SHAP for Categorical Options. Including up SHAP values of categorical… | by Conor O’Sullivan | Jun, 2022

June 21, 2022

1

Including up SHAP values of categorical options which were remodeled with one-hot encodings

Categorical options have to be remodeled earlier than they can be utilized in a mannequin. One-hot encoding is a standard manner to do that: We find yourself with a binary variable for every class. That is superb till it involves understanding the mannequin utilizing SHAP. Each binary variable can have its personal SHAP worth. This makes it obscure the general contribution of the unique categorical function.

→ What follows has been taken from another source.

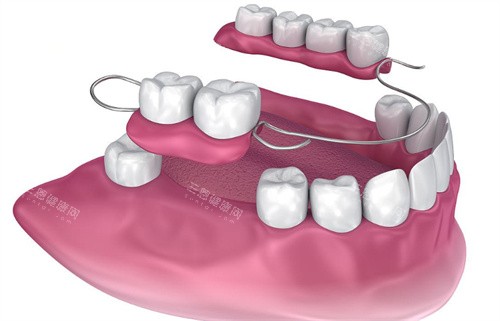 可移动部分假牙 可移动部分假牙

A easy method is so as to add the SHAP values for every of the binary variables collectively. This may be interpreted because the SHAP worth for the unique categorical function. We are going to stroll you thru the Python code for doing this. We are going to see that we’re ready to make use of the SHAP aggregation plots. Nonetheless, these are restricted in relation to understanding the character of relationships of the explicit options. So, to finish we present you the way boxplots can be utilized to visualise the SHAP values.

In case you are unfamiliar with SHAP or the python package deal, I recommend studying the article under. We go in depth on interpret SHAP values. We additionally discover a few of the aggregations used on this article.

To show the issue with categorical options, we might be utilizing the mushroom classification dataset. You’ll be able to see a snapshot of this dataset in Determine 1. The goal variable is the mushroom’s class. That’s if the mushroom is toxic (p) or edible (e). You’ll find this dataset in UCI’s MLR.

Determine 1: Mushroom dataset snapshot (supply: creator) (dataset supply: UCI) (licence: CC BY 4.0)

For mannequin options, we now have 22 categorical options. For every function, the classes are represented by a letter. For instance odor has 9 distinctive categories- almond (a), anise (l), creosote (c), fishy (y), foul (f), musty (m), none (n), pungent (p), spicy (s). That is what the mushroom smells like.

We’ll stroll you thru the code used to analyse this dataset and you will discover the total script on GitHub. To begin, we might be utilizing the Python packages under. Now we have some widespread packages for dealing with and visualising knowledge (traces 2–4). We use the OneHotEncoder for reworking the explicit options (line 6). We use xgboost for modelling (line 8). Lastly, we use shap to know how our mannequin works (line 10).